Input for this task:
%%

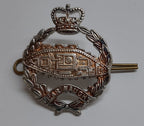 RTR Hat Badge British Army Royal Tank Regiment Queens Crown Old Pattern Insignia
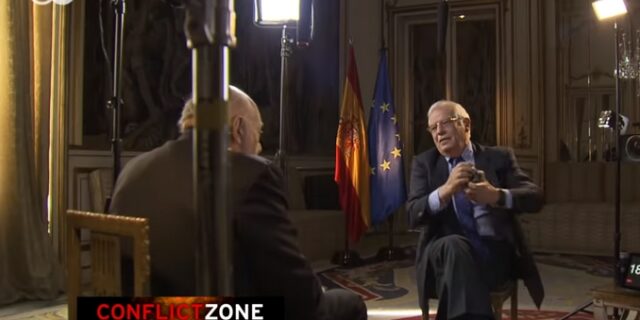 Έξαλλος ο Ισπανός Υπουργός Εξωτερικών, διακόπτει on air συνέντευξή του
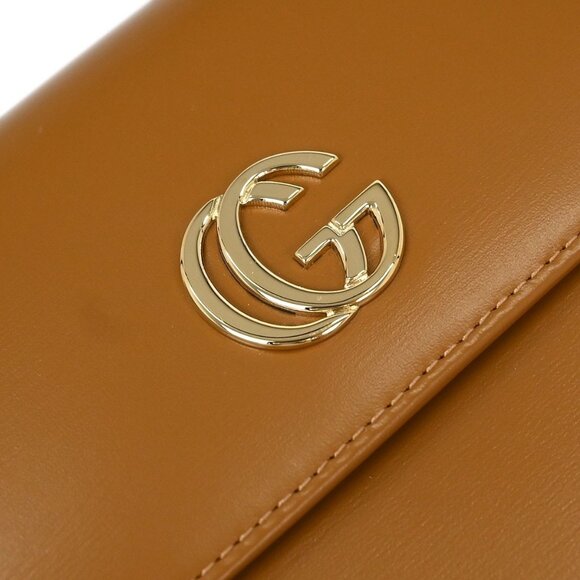 Gucci Brown Leather Wallet - Picture 7 of 9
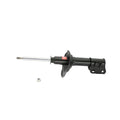 KYB shock absorber close-up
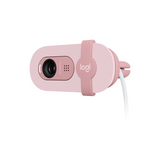 Logitech Brio 100 Full HD 1080p Webcam - Rose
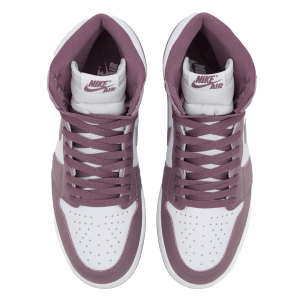 Nike Air Jordan 1 Retro High OG Mauve (GS) Oben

%%

The listing above, line by line: print it exactly, but not its pictures.

 RTR Hat Badge British Army Royal Tank Regiment Queens Crown Old Pattern Insignia
 Έξαλλος ο Ισπανός Υπουργός Εξωτερικών, διακόπτει on air συνέντευξή του
 Gucci Brown Leather Wallet - Picture 7 of 9
 KYB shock absorber close-up
 Logitech Brio 100 Full HD 1080p Webcam - Rose
 Nike Air Jordan 1 Retro High OG Mauve (GS) Oben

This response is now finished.